__TASK TO COMPLETE__:
All that is wanted is the exact lines from the one with "Tenda da campeggio" through the last line of the entries, with both ends kept and every picture left out.

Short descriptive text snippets
____________________

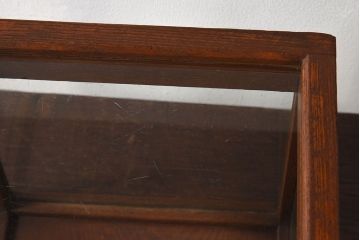 アンティーク雑貨　木製フレーム　レトロデザイン　小さなアンティークガラスケース(2)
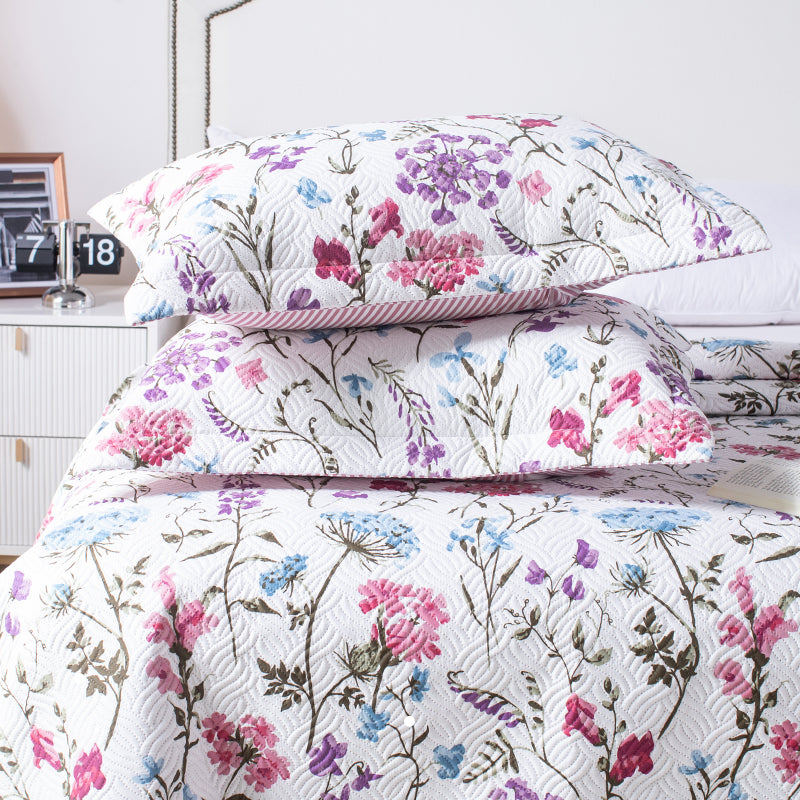 Kasentex Floral Quilt Set - Lightweight & Reversible - Cozy & Stylish Bedding - Machine Washable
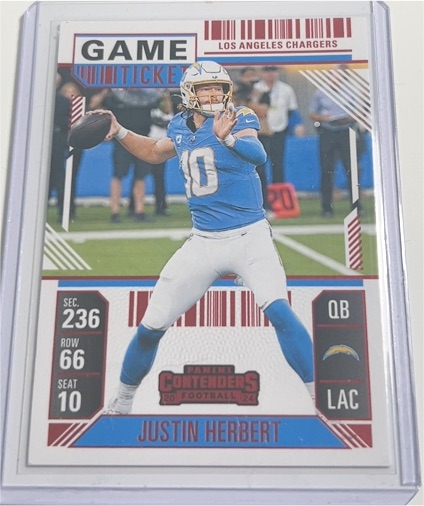 2024 Panini Contenders #55 Justin Herbert — front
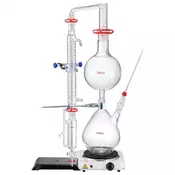 VEVOR Komplet za destilacijo eteričnih olj 2000 ml 700x400x700 mm 28-delni set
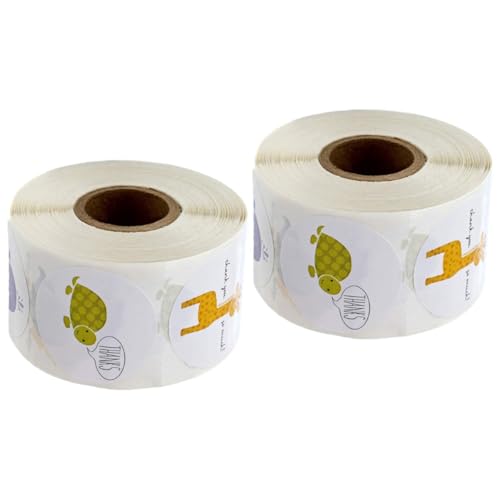 Housoutil 2 Rollen Tierische Danke Aufkleber Dekorative Etiketten für Geschenkverpackungen Selbstklebende Sticker für Backwaren und Partys Housoutil 2 Rollen Tierische Danke Aufkleber Dekorative Etiketten für Geschenkverpackungen Selbstklebende Sticker für Backwaren und Partys von Housoutil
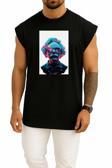 Oversize Albert Einstein Kütle-Enerji Eşdeğerliği Göğüs Tasarımlı Unisex Spor Atlet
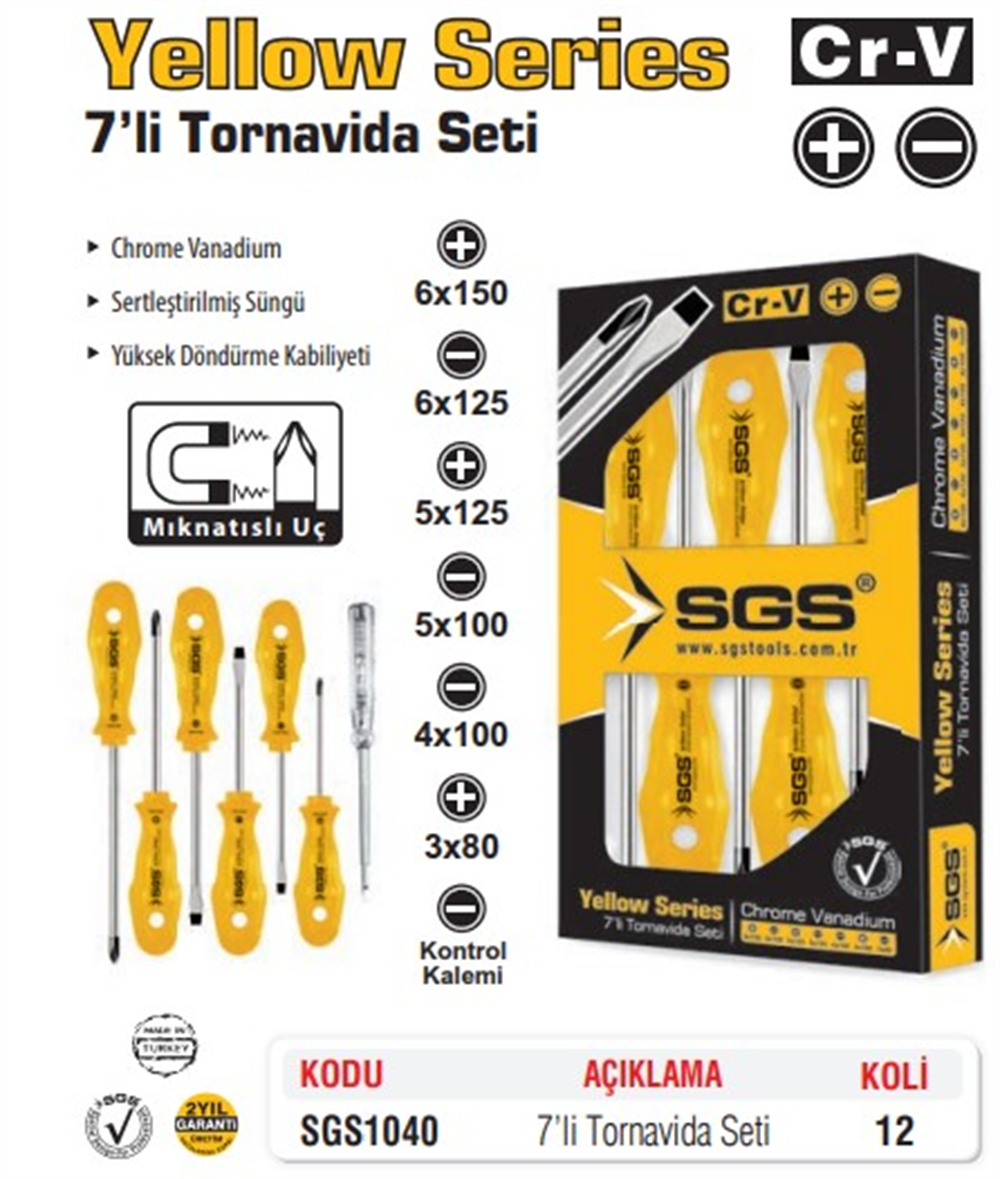 Sgs 7li Tornavida Seti SGS1040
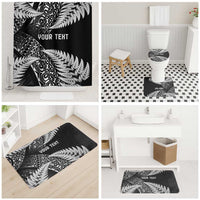New Zealand Rugby Pacific Personalised Bathroom Set All Black Maori Pasifika Fern Pattern - Polynesian Pride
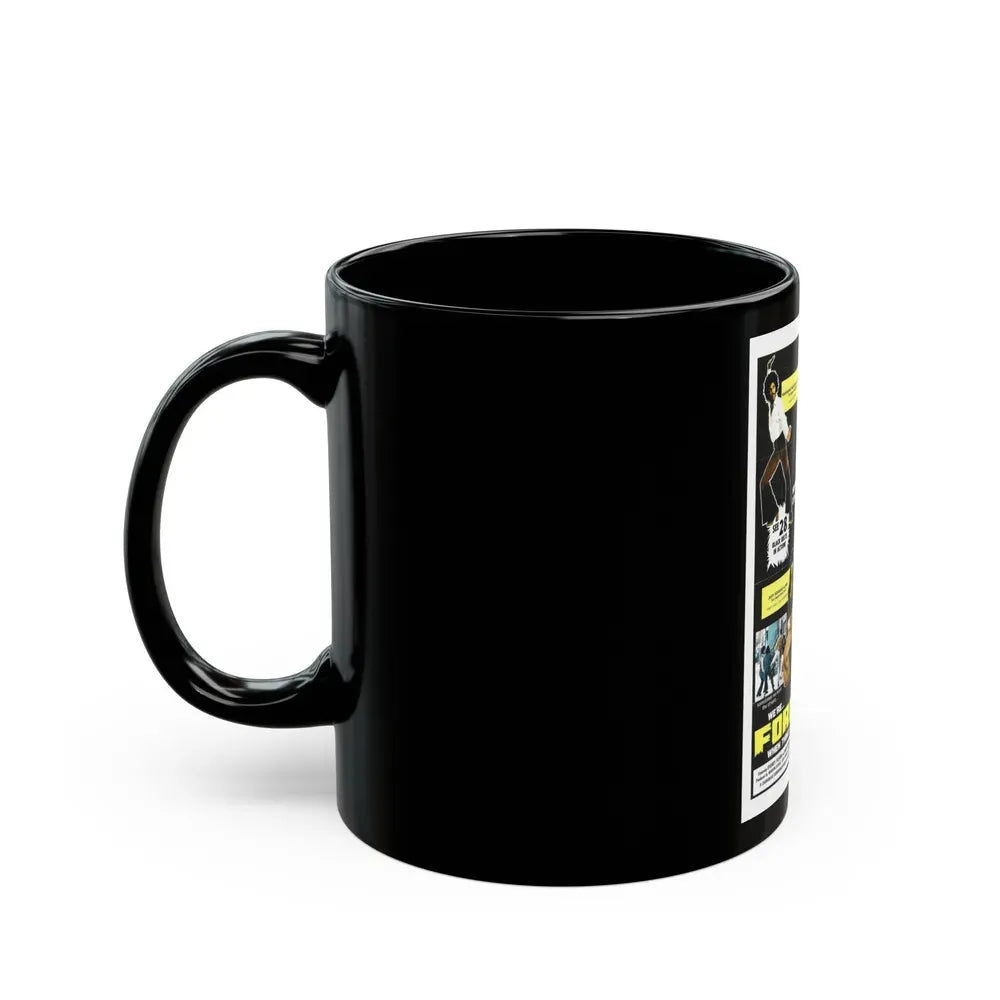 FORCE FOUR 1975 Movie Poster - Black Coffee Mug - Go Mug Yourself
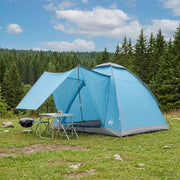 Tenda da campeggio con tetto Blu 2 persone Poliestere e Acciaio 42028643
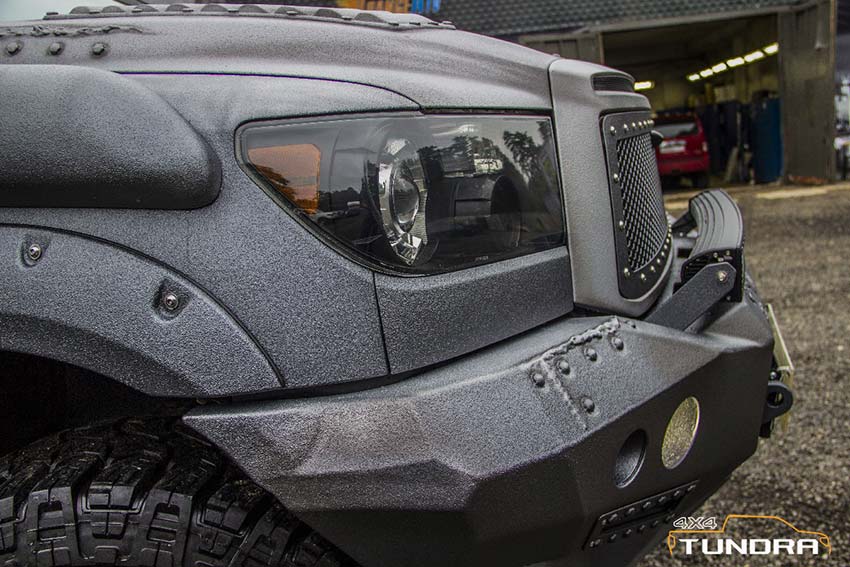 Сухопутный крейсер «АВРОРА» с бронекорпусом из Line-X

____________________

__EXPECTED ANSWER__:
 Tenda da campeggio con tetto Blu 2 persone Poliestere e Acciaio 42028643
 Сухопутный крейсер «АВРОРА» с бронекорпусом из Line-X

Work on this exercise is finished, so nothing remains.